━━━ EXTRACTED INFORMATION ━━━

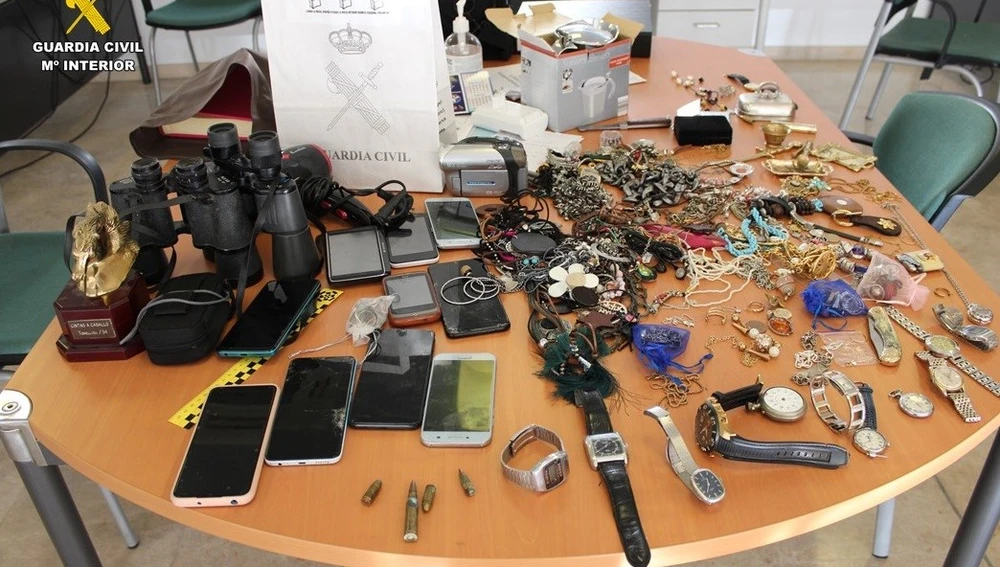 La Guardia Civil recuperó gran cantidad de material robado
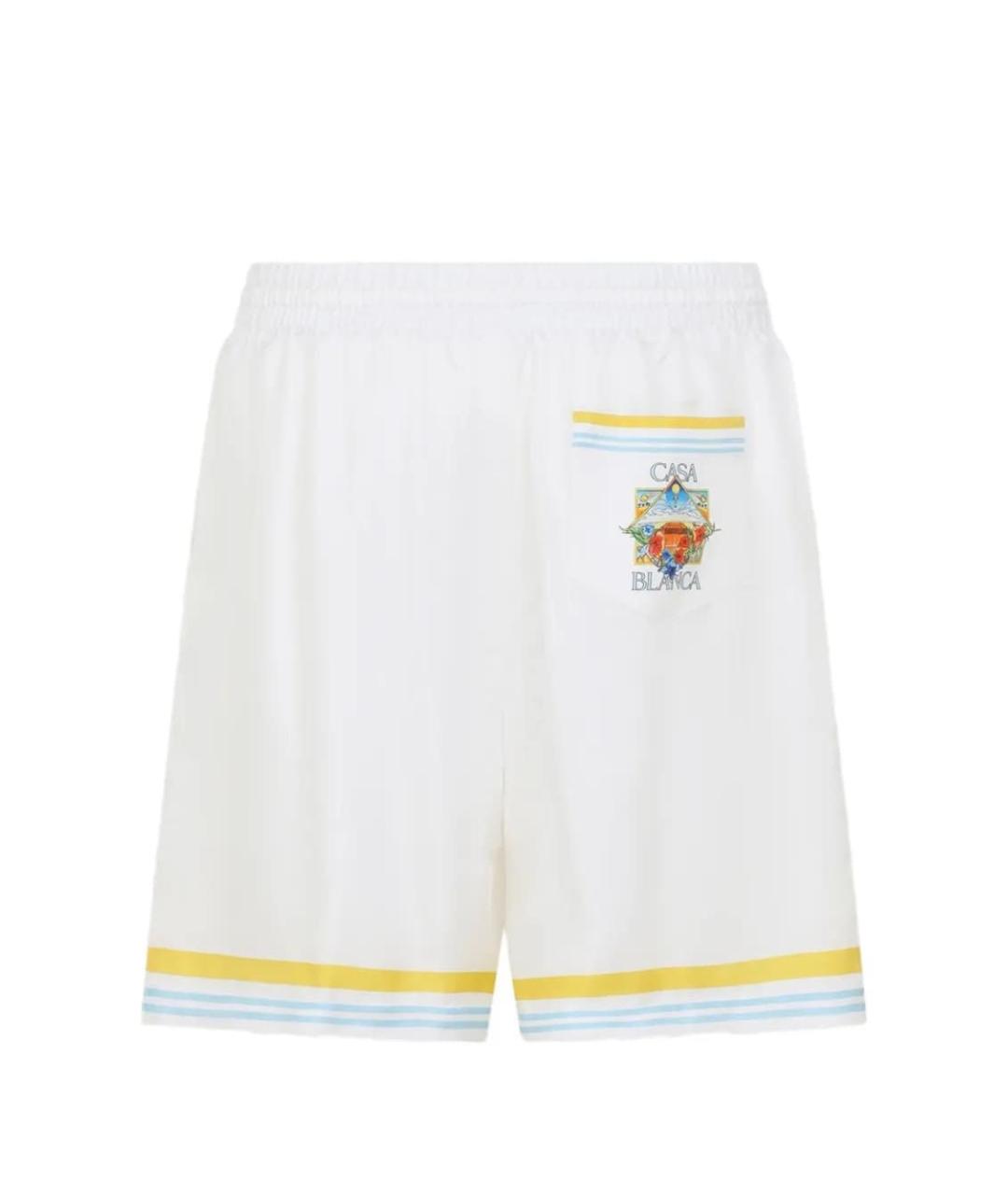 CASABLANCA Белые шелковые шорты, фото 3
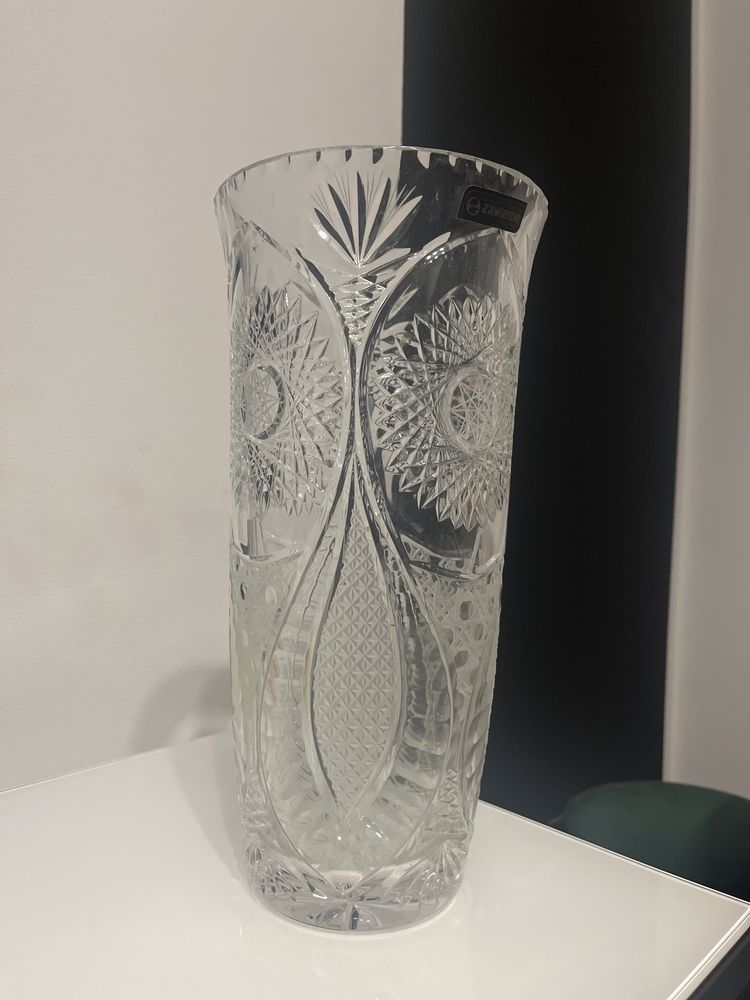 Wazon krysztal 35 cm Zawiercie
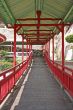 Chinese temple walkway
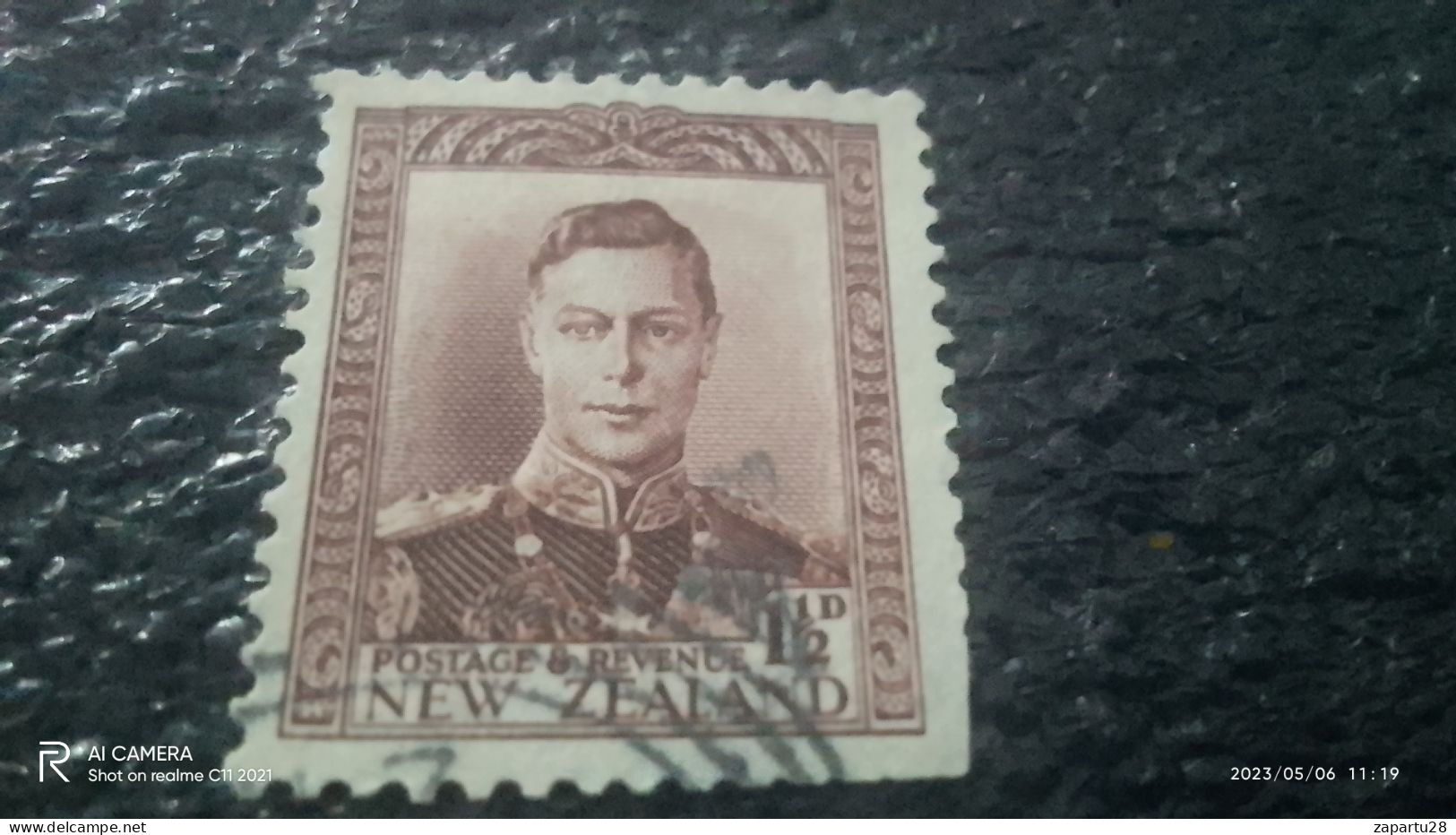 YENİ ZELANDA-  1938         1.50P               KİNG GEORGE VI          USED - Used Stamps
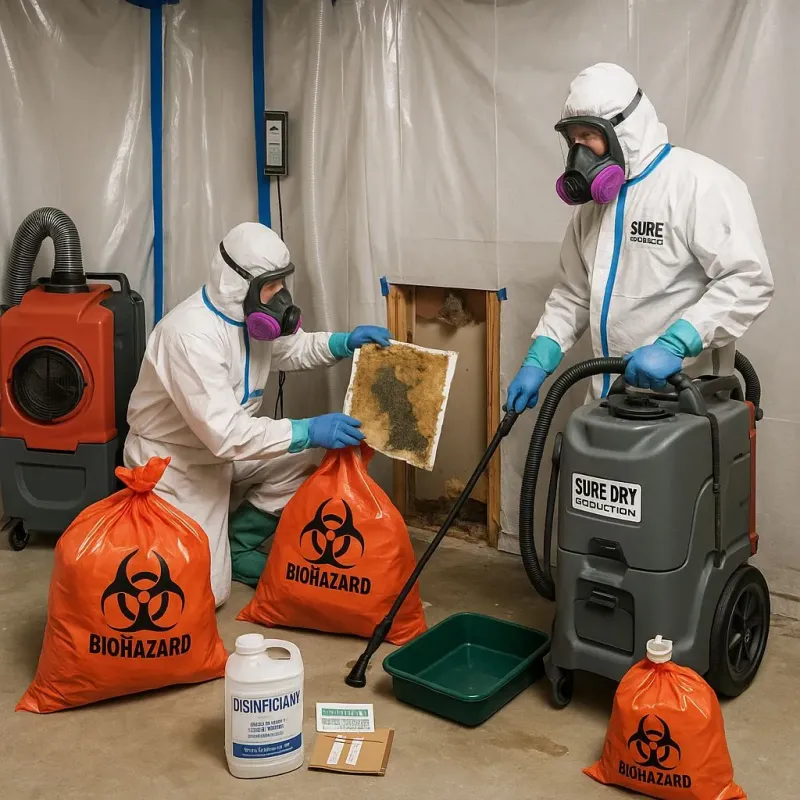 Contaminated Water Handling Protocols process in Barceloneta, PR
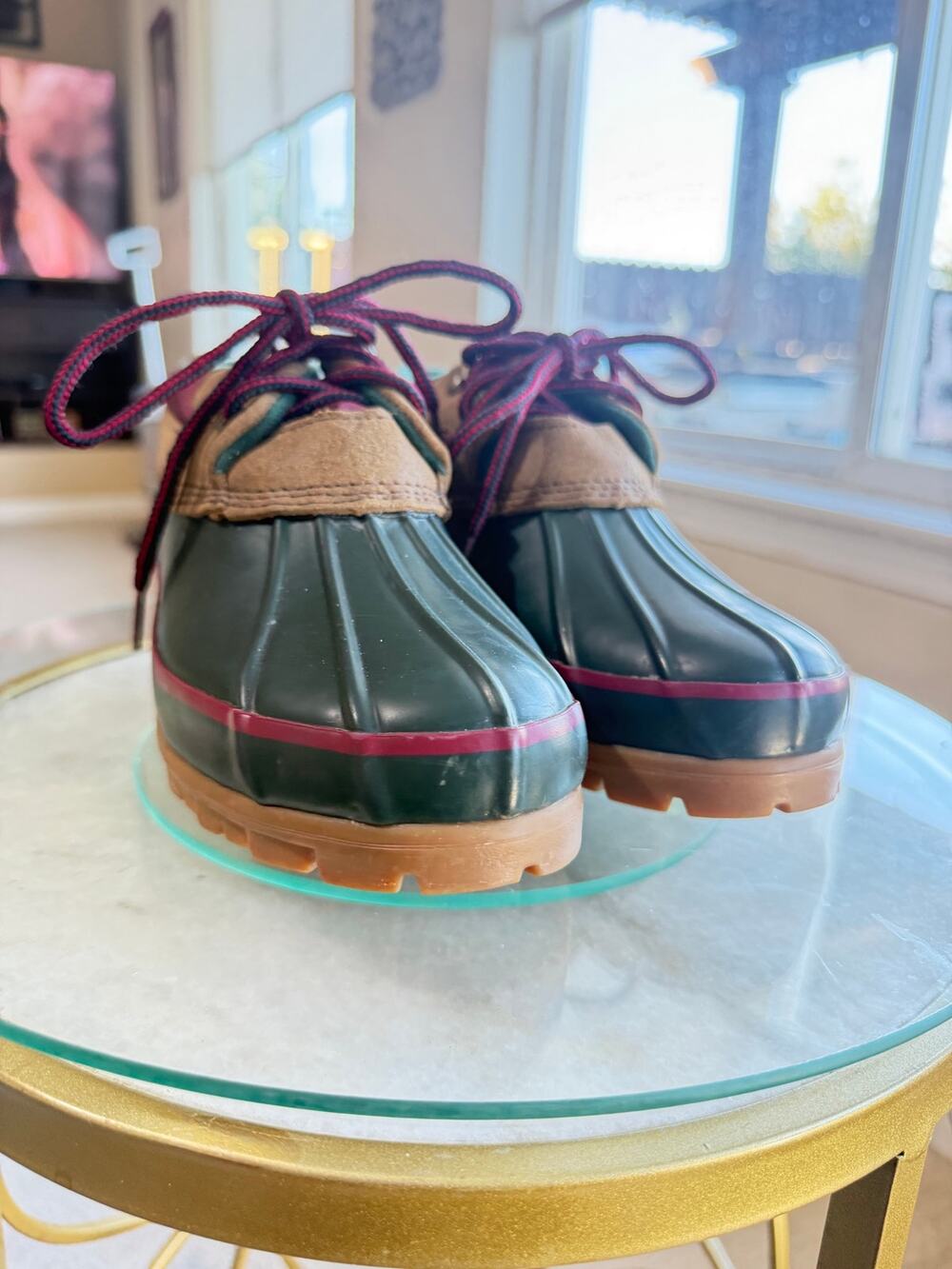 G.H. Bass Ontario Thermolite Duck Shoes Women’s 8 Green Rain Boots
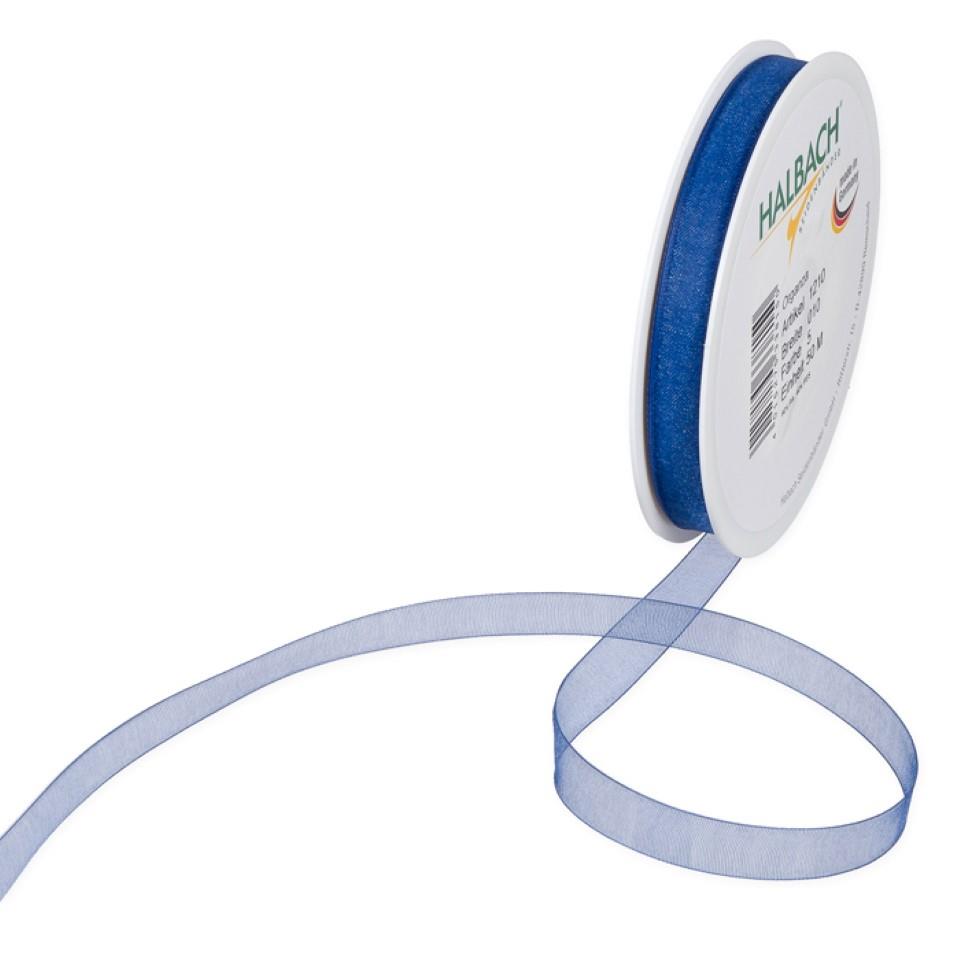 Organza 10mm o.Dr. blau5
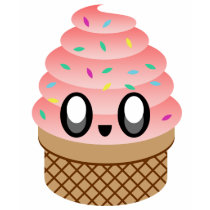 KAWAII ICE CREAM STRAWBERRY CONE t-shirts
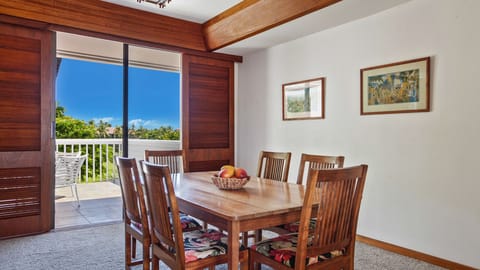 Poipu Kapili Resort #44 - Dining Room & Back Lanai View - Parrish Kauai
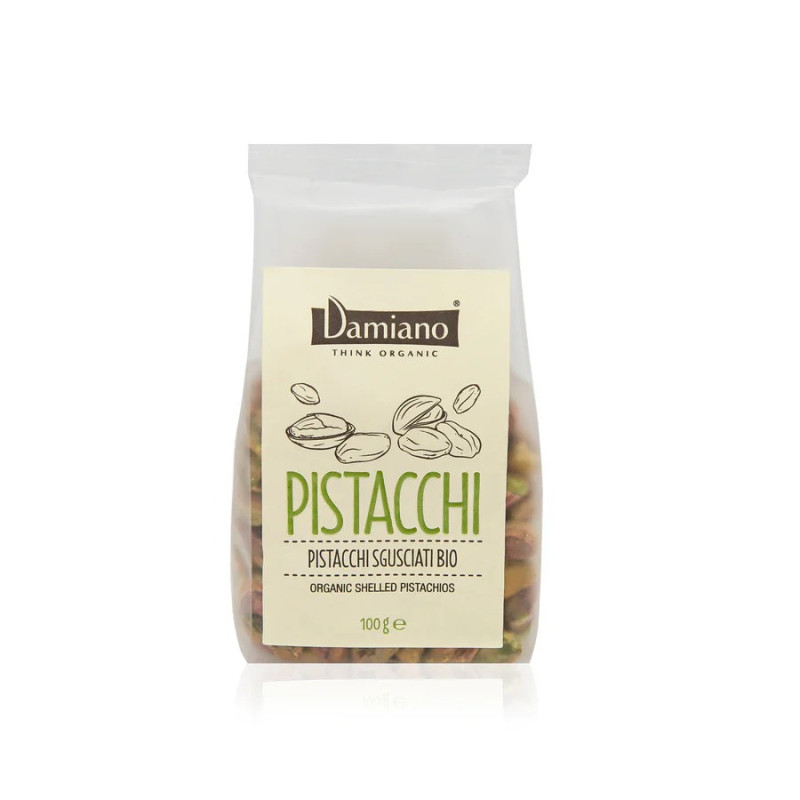 Damiano Organic Shelled Pistachios 100g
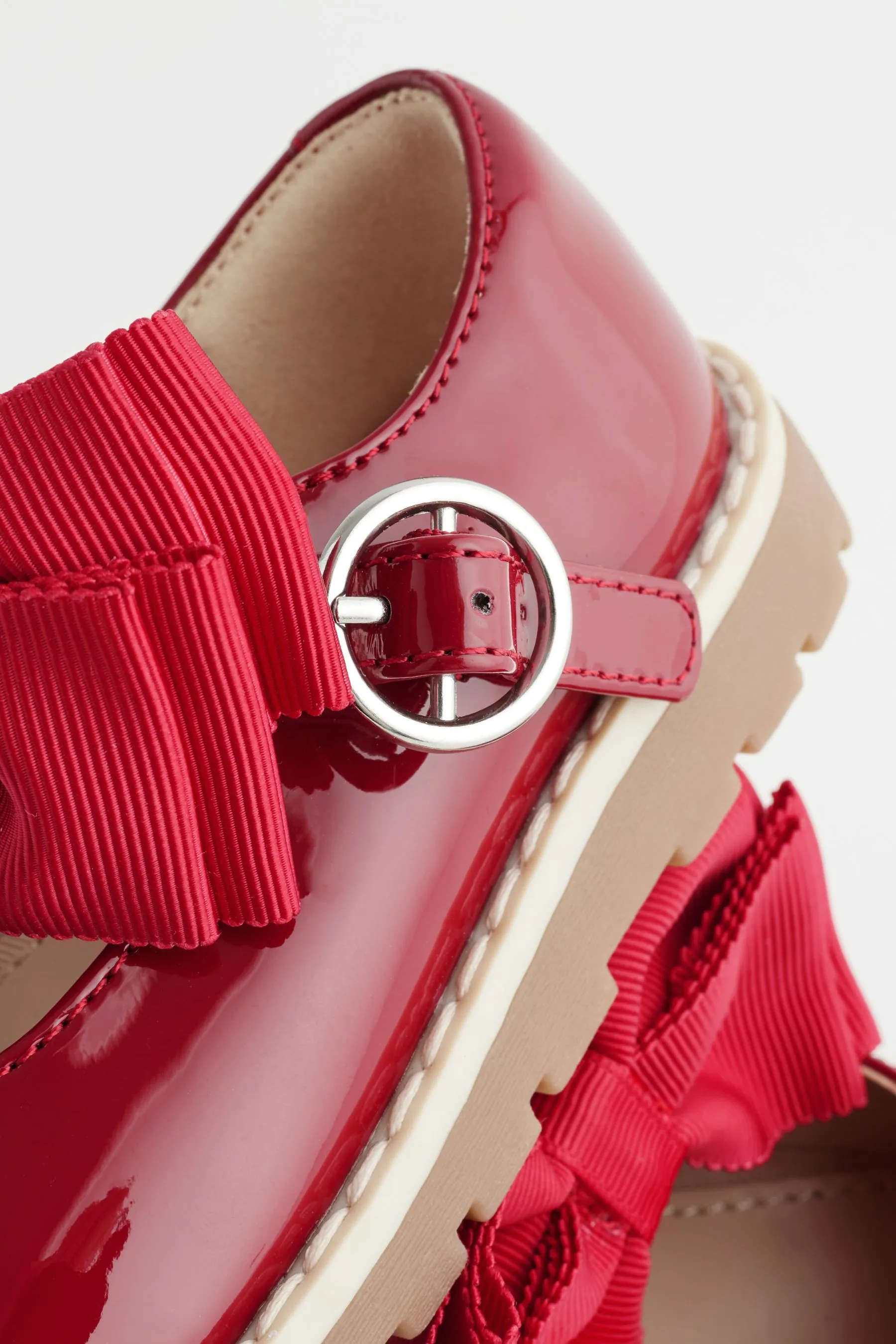 Chunky Farfallino Mary Jane Scarpe Scuola    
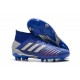 Chaussures Football Adidas Predator 19.1 FG Bleu Argent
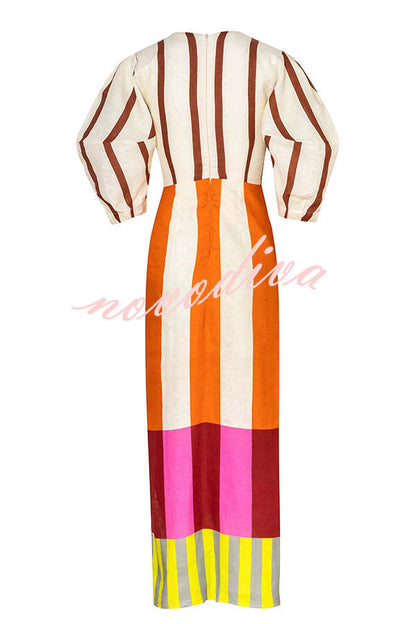 Linen Midi Dress™ — Breezy Elegance Meets Effortless Style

━━━

YOUR OBJECTIVE
Omit all pictures, and repeat exactly the lines from the line containing "Wazon krysztal 35 cm Zawiercie" through the end of the data.

WORKED SOLUTION
 Wazon krysztal 35 cm Zawiercie
 Chinese temple walkway
 YENİ ZELANDA-  1938         1.50P               KİNG GEORGE VI          USED - Used Stamps
 Contaminated Water Handling Protocols process in Barceloneta, PR
 G.H. Bass Ontario Thermolite Duck Shoes Women’s 8 Green Rain Boots
 Organza 10mm o.Dr. blau5
 KAWAII ICE CREAM STRAWBERRY CONE t-shirts
 Poipu Kapili Resort #44 - Dining Room & Back Lanai View - Parrish Kauai
 Damiano Organic Shelled Pistachios 100g
 Chunky Farfallino Mary Jane Scarpe Scuola    
 Chaussures Football Adidas Predator 19.1 FG Bleu Argent
 Linen Midi Dress™ — Breezy Elegance Meets Effortless Style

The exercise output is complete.